EliA CCP is intended for the in vitro semi-quantitative measurement of IgG antibodies directed to CCP in human serum and plasma. The presence of anti-CCP antibodies can be used in conjunction with clinical findings and other laboratory tests as an aid in the clinical diagnosis of rheumatoid arthritis (RA). EliA CCP uses the EliA IgG method on the instruments ImmunoCAP 100 and ImmunoCAP 250.

EliA CCP Control is intended for laboratory use in monitoring the performance of in vitro measurement of anti-cyclic citrullinated peptide (CCP) antibodies with ImmunoCAP using the EliA IgG method.

The new device belongs to a fully integrated and automated system for immunodiagnostic testing. It comprises a Fluorescence-Immunoassay test system using EliA single wells as the solid phase and is intended to be performed on the instruments ImmunoCAP 100 and ImmunoCAP 250. The conjugate for the EliA IgG method is mouse anti-human IgG beta-galactosidase, which uses 4-Methylumbelliferyl-BD-Galactoside as substrate. The total IgG calibration is based on a set of six WHO-standardized IgG Calibrators derived from human serum. They are used to establish an initial calibration curve, which may be used for up to one month on additional assays and can be stored by the instrument. Each additional assay includes calibrator (curve) controls that have to be measured in defined ranges to check whether the stored calibration curve is still valid. The Fluorescence-Immunoassay test system includes test-, method specific and general reagents that are packaged as separate units.

This document is a 510(k) summary for the EliA™ CCP and EliA™ CCP Control devices. It primarily focuses on demonstrating substantial equivalence to a predicate device rather than presenting a detailed study proving the device meets specific acceptance criteria in the sense of clinical performance metrics like sensitivity, specificity, etc., against a defined ground truth.

However, based on the provided text, we can extract information relating to the "study" conducted for equivalence.

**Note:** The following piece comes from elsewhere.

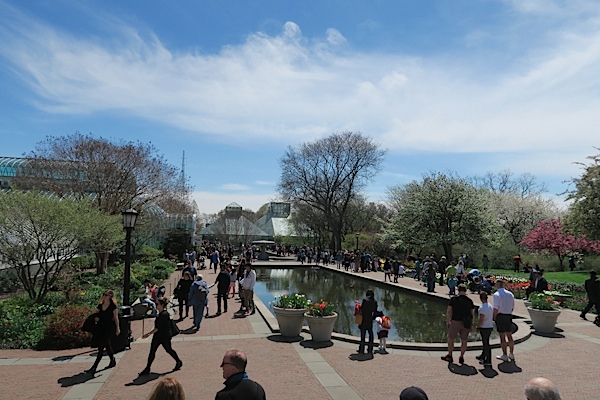 Brooklyn Botanic Garden Cherry Blossom Season 2017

Acceptance Criteria and Reported Device Performance

The document does not explicitly state numerical "acceptance criteria" for performance metrics like sensitivity or specificity. Instead, the "acceptance criteria" are implied by the demonstration of substantial equivalence to the predicate device, Axis-Shield Diastat Anti-CCP (510(k) number: K023285). The reported "performance" relates to the comparability study.

Study Details

1. Sample sizes used for the test set and the data provenance:

   • Test Set Sample Size: Not explicitly stated. The document mentions "a data set" for comparability but does not provide specific numbers for the comparison study, clinically defined sera, or apparently healthy subjects.
   • Data Provenance: Not explicitly stated (e.g., country of origin). The study involved "clinically defined sera" and "samples from apparently healthy subjects," which implies human samples, but details are missing. It is likely retrospective, as it involves comparing the new device's results with an existing predicate, and "clinically defined sera" suggest samples with known diagnoses.

2. Number of experts used to establish the ground truth for the test set and the qualifications of those experts: Not applicable/Not provided. This type of device (an in-vitro diagnostic for antibodies) primarily relies on the predicate device's established performance as the benchmark for "ground truth" in an equivalence study, rather than expert consensus on images or clinical assessments for the test set itself. The "clinically defined sera" would have their ground truth established by established clinical diagnostic criteria for rheumatoid arthritis (RA).

3. Adjudication method for the test set: Not applicable/Not provided. Adjudication methods like 2+1 or 3+1 are typically for subjective assessments (e.g., image interpretation). For an immunoassay, the readouts are quantitative or semi-quantitative and are directly compared.

4. If a multi reader multi case (MRMC) comparative effectiveness study was done, If so, what was the effect size of how much human readers improve with AI vs without AI assistance: Not applicable. This is an immunoassay device, not an AI-powered diagnostic that assists human readers.

5. If a standalone (i.e. algorithm only without human-in-the-loop performance) was done: The device itself, EliA™ CCP, is a standalone in-vitro diagnostic immunoassay system. It performs its measurement and provides results without human interpretive assistance in the direct measurement process, though human interpretation of the results in conjunction with clinical findings is required for diagnosis. The study described is a standalone performance comparison.

6. The type of ground truth used:

   • For the comparability study against the predicate device, the "ground truth" for the new device's performance is essentially the results obtained from the predicate device.
   • For the clinically defined sera, the ground truth would be the established clinical diagnosis of rheumatoid arthritis (RA) or healthy status, likely based on a combination of clinical findings, established diagnostic criteria (e.g., ACR/EULAR criteria for RA), and other laboratory tests.
   • For samples from apparently healthy subjects, the ground truth is their healthy status.

7. The sample size for the training set: Not applicable. This is not a machine learning or AI device that requires a training set in the conventional sense. It's a biochemical assay.

8. How the ground truth for the training set was established: Not applicable, as there is no training set mentioned for this type of device.